::: DATA UNDER STUDY :::

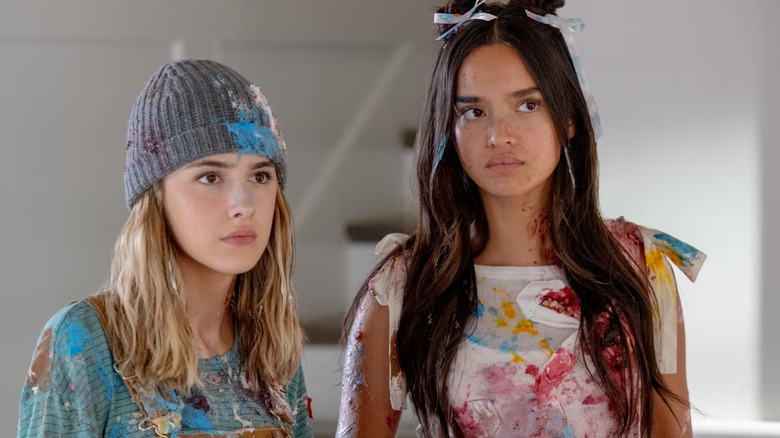 Harper Coleman (Julia Butters) and Lily Davies (Sophia Hammons) are totally busted after a food fight in Freakier Friday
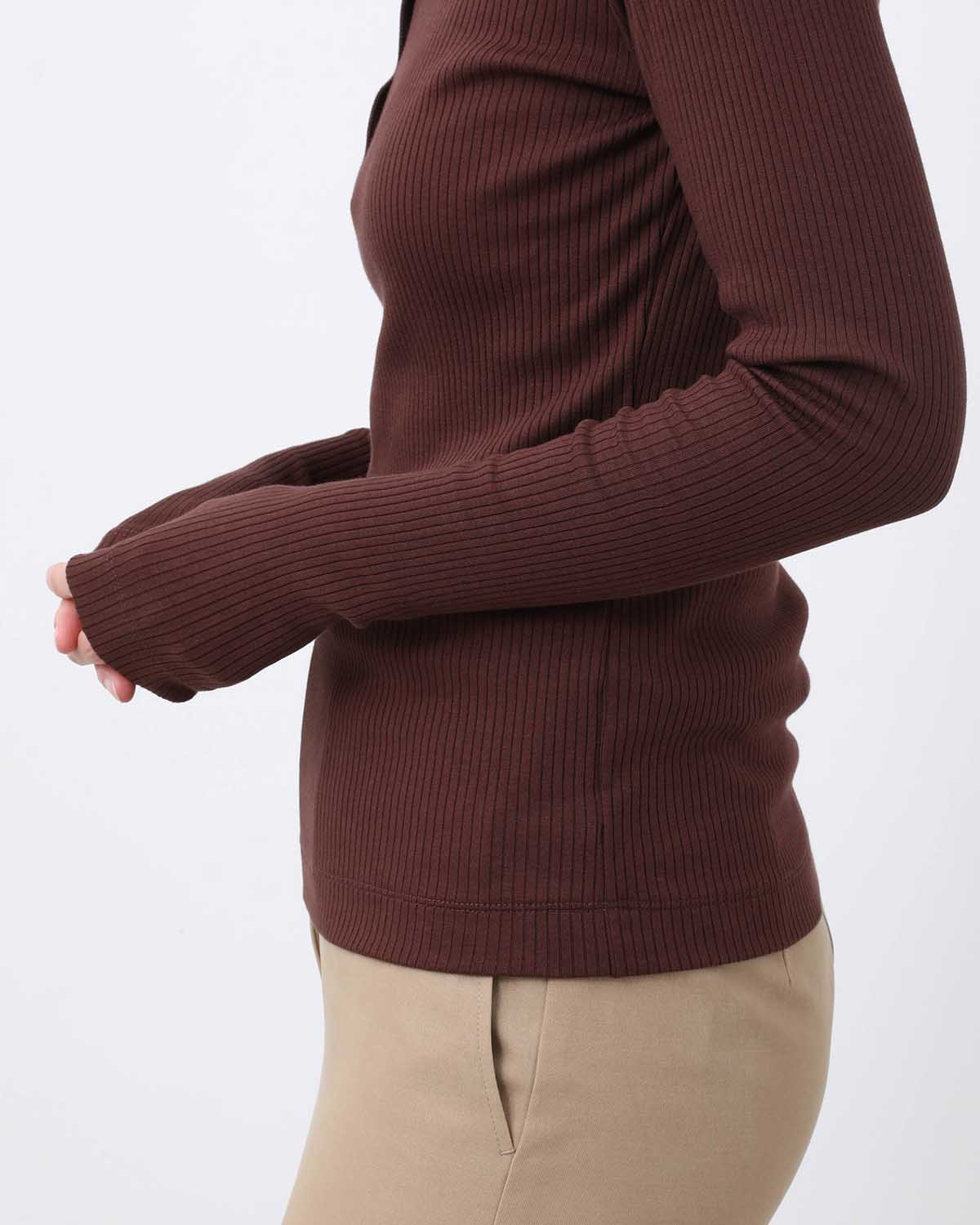 RIB TIGHT POLO T-SHIRT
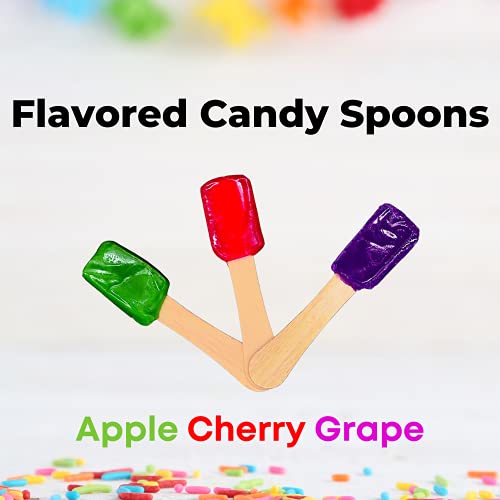 140 Piece Multi-Colored Snow Cone/Shaved Ice Kit - Includes 40 (12oz) Yellow, Pink, Green and Blue Cups, 50 Candy Spoons, ...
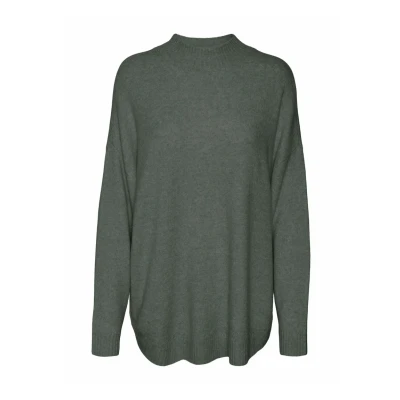 Abbildung von Vero Moda Vmplaza Highnck Strickpullover, Damen, Größe: XS, Dark forest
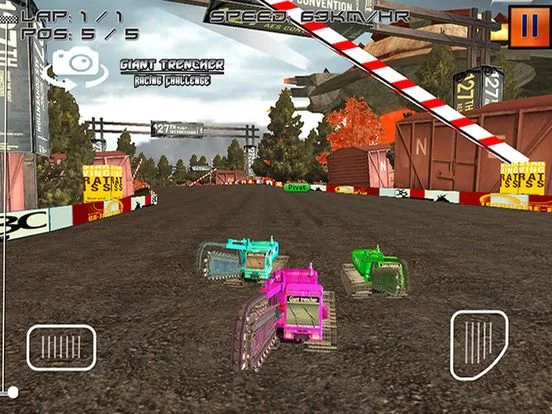 Изображение игры: Giant Trencher Racing Challenge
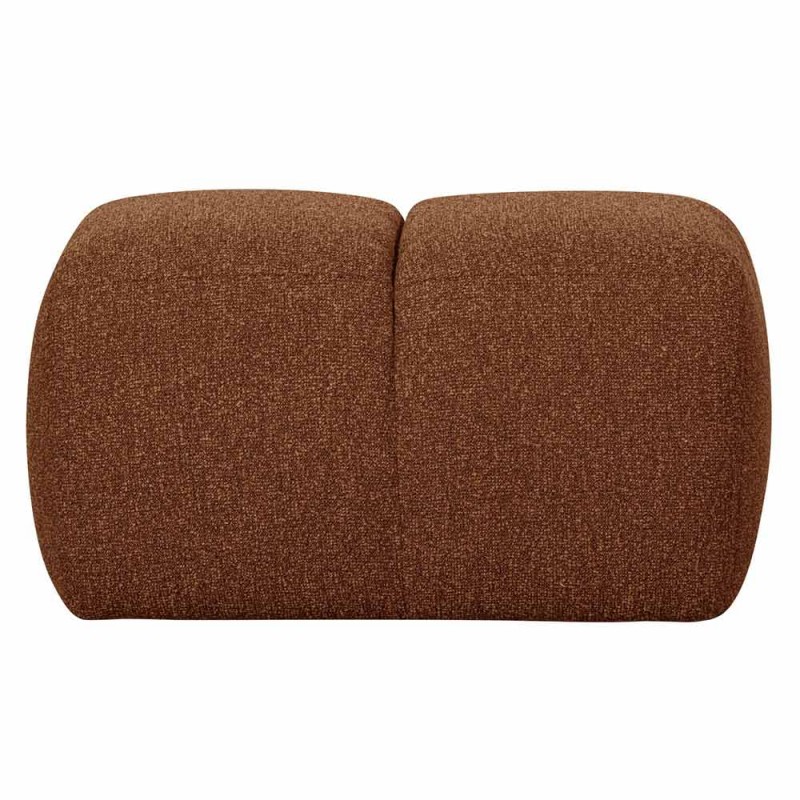 Puf bouclé Mojo marrón óxido, 84cm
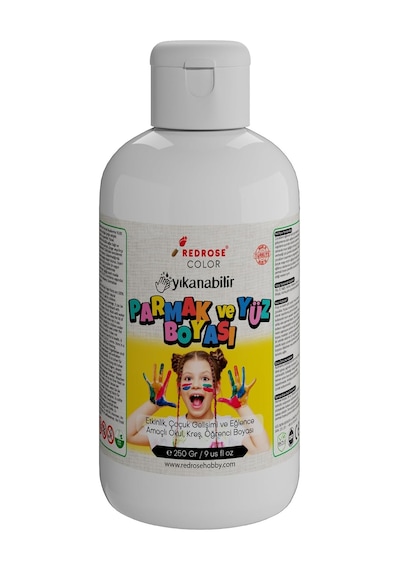 Beyaz Parmak Boyası 250gr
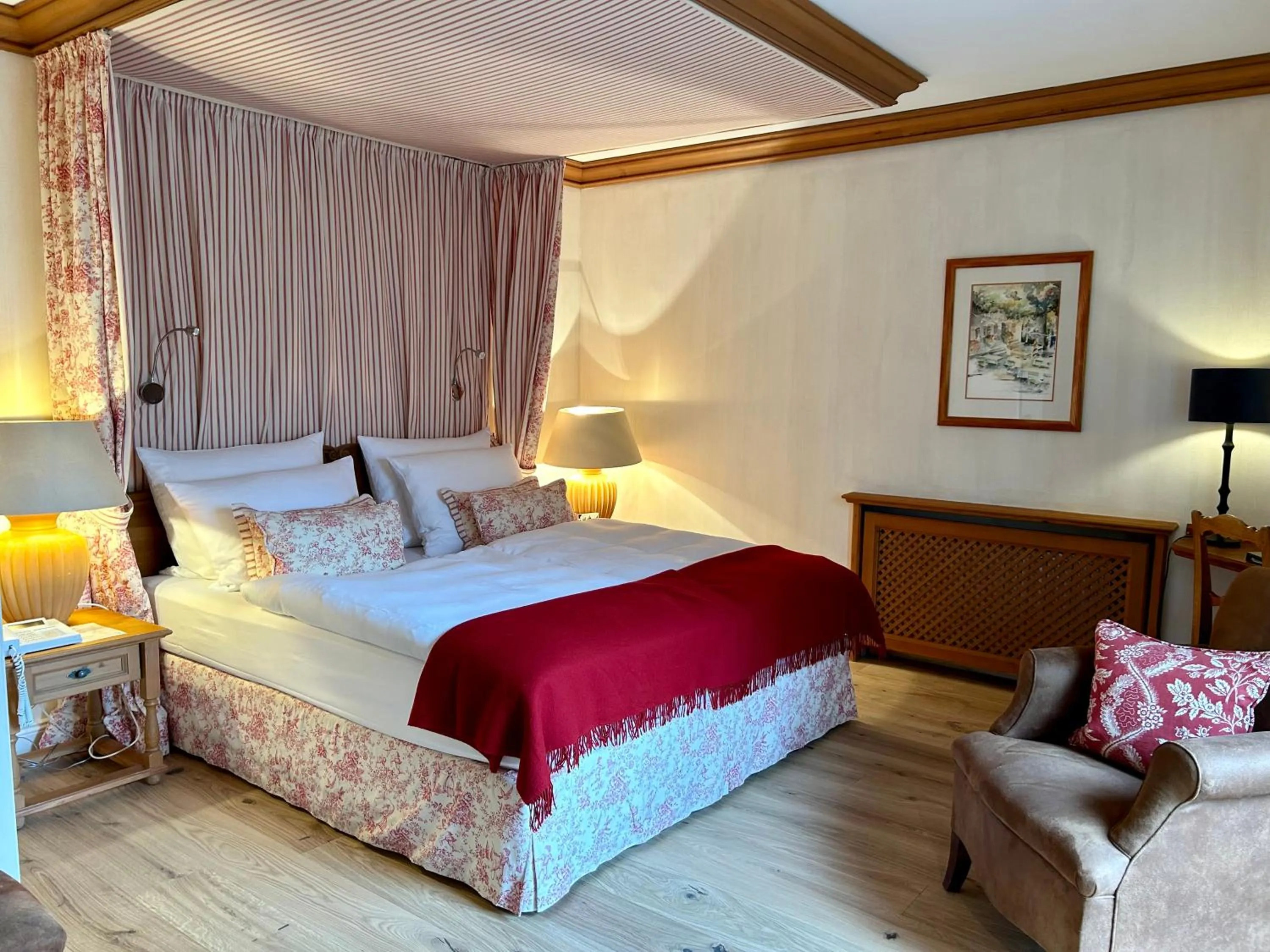 Photo of the whole room, Bed in Brauereigasthof-Hotel Aying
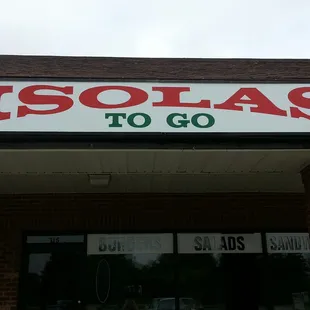 the front of a store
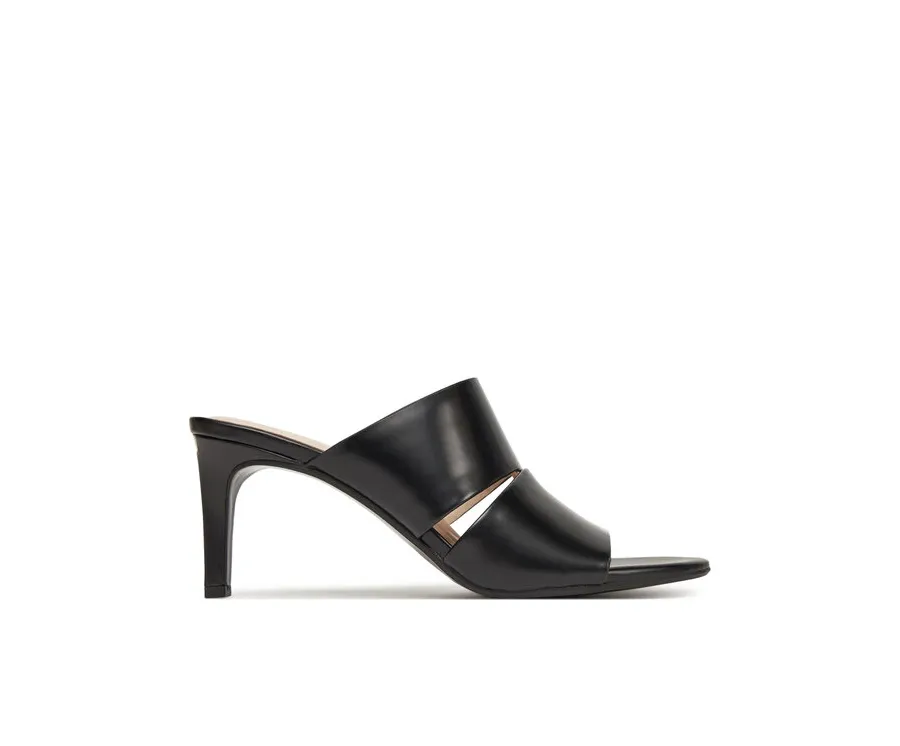 obrazek 1 Calvin Klein Klapki Heel Mule 70 - Lth 2 Straps HW0HW02460 Czarny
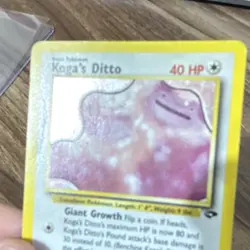 Koga's Ditto 2000 Pokemon TCG Gym Challenge Common 10/132 Unlimited WOTC - Image 2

:::

[TASK TO COMPLETE]
Every line of the listing is to be retyped exactly; pictures stay out.

[RESULT]
 Harper Coleman (Julia Butters) and Lily Davies (Sophia Hammons) are totally busted after a food fight in Freakier Friday
 RIB TIGHT POLO T-SHIRT
 140 Piece Multi-Colored Snow Cone/Shaved Ice Kit - Includes 40 (12oz) Yellow, Pink, Green and Blue Cups, 50 Candy Spoons, ...
 Abbildung von Vero Moda Vmplaza Highnck Strickpullover, Damen, Größe: XS, Dark forest
 Изображение игры: Giant Trencher Racing Challenge
 Puf bouclé Mojo marrón óxido, 84cm
 Beyaz Parmak Boyası 250gr
 Photo of the whole room, Bed in Brauereigasthof-Hotel Aying
 the front of a store
 obrazek 1 Calvin Klein Klapki Heel Mule 70 - Lth 2 Straps HW0HW02460 Czarny
 Koga's Ditto 2000 Pokemon TCG Gym Challenge Common 10/132 Unlimited WOTC - Image 2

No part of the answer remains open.